John Marsden, chairman of South Auckland's Te Roopu Taurima O Manukau disability trust which is at the centre of claims of misspending has stepped down as the Ministry of Health launches an independent audit of its finances.
The trust which provides kaupapa Maori services to about 250 disabled people throughout the country and which receives $30 million in annual taxpayer funding was last week revealed to be conducting an internal investigation after claims from New Zealand First Leader Winston Peters of "irregular payments".
Chief executive Malcom Robson this morning confirmed that following a meeting with Ministry of Health officials late last week "it was agreed that the ministry would engage an independent forensic auditor and provide other support to the trust".

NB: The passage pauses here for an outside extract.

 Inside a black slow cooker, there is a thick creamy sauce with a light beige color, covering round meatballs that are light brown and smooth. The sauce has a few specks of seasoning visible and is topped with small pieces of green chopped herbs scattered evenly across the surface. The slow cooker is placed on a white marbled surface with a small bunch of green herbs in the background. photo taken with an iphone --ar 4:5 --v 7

He said the ministry would provide him with two "advisors" including former Consumer NZ chief executive David Russel.
Also, a " transition process" for the trust had been initiated as part of which Mr Marsden would step down from his position and from the board.
An interim chair was to be appointed "in the coming weeks".

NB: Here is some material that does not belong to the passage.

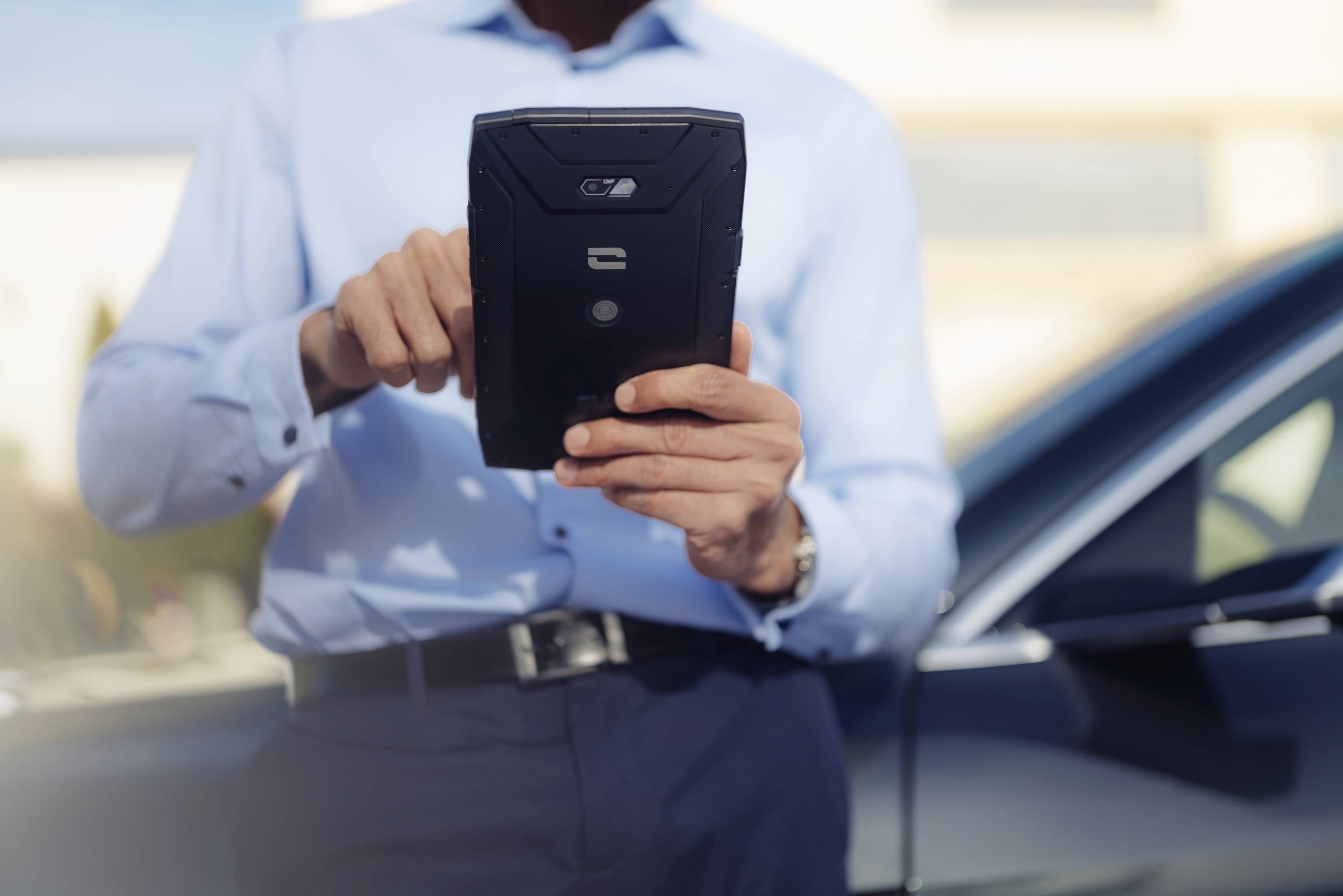 Muškarac u poslovnoj odjeći koristi tablet vani. U pozadini se vidi automobil, što ukazuje na mobilnost ili tehnologiju.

Among Mr Peters' claims were $360,662.90 paid to a bakery over two years for property maintenance, $250,000 to two firms unqualified to give financial advice and payments to a security systems company that does not exist.

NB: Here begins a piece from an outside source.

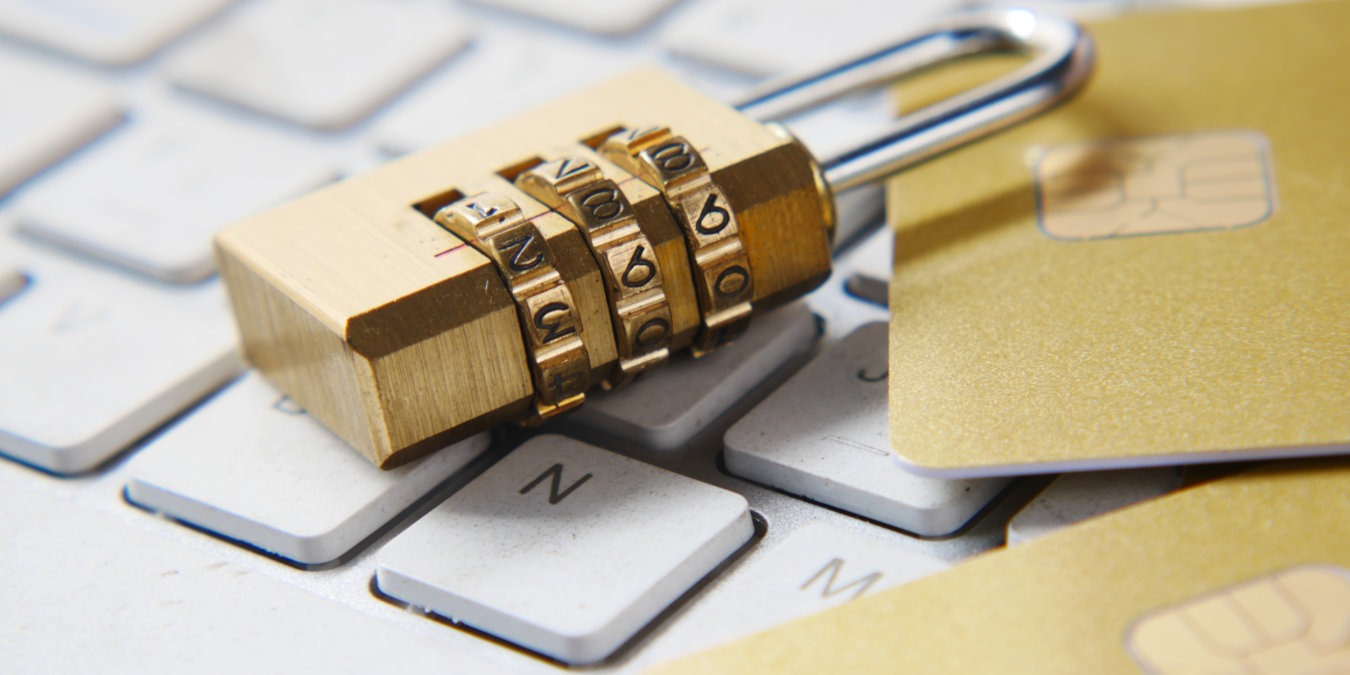 A photograph of a rotary padlock on top of a computer keyboard.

Mr Robson confirmed last week that the the trust's employment investigation was looking into misuse of funding and confidential information. It is believed the suspected breaches are related.
He said the issues were historical, some dating back to 2012. If the investigation found possible criminal actions, police would be brought in.
The Health Ministry undertook a financial review of the trust in March and a governance review this month, after concerns were raised last year.
"The reviews didn't raise any specific concerns about their financial practices, but the auditors identified there was a lack of expertise at board level," said Jill Lane, the ministry's national health board director.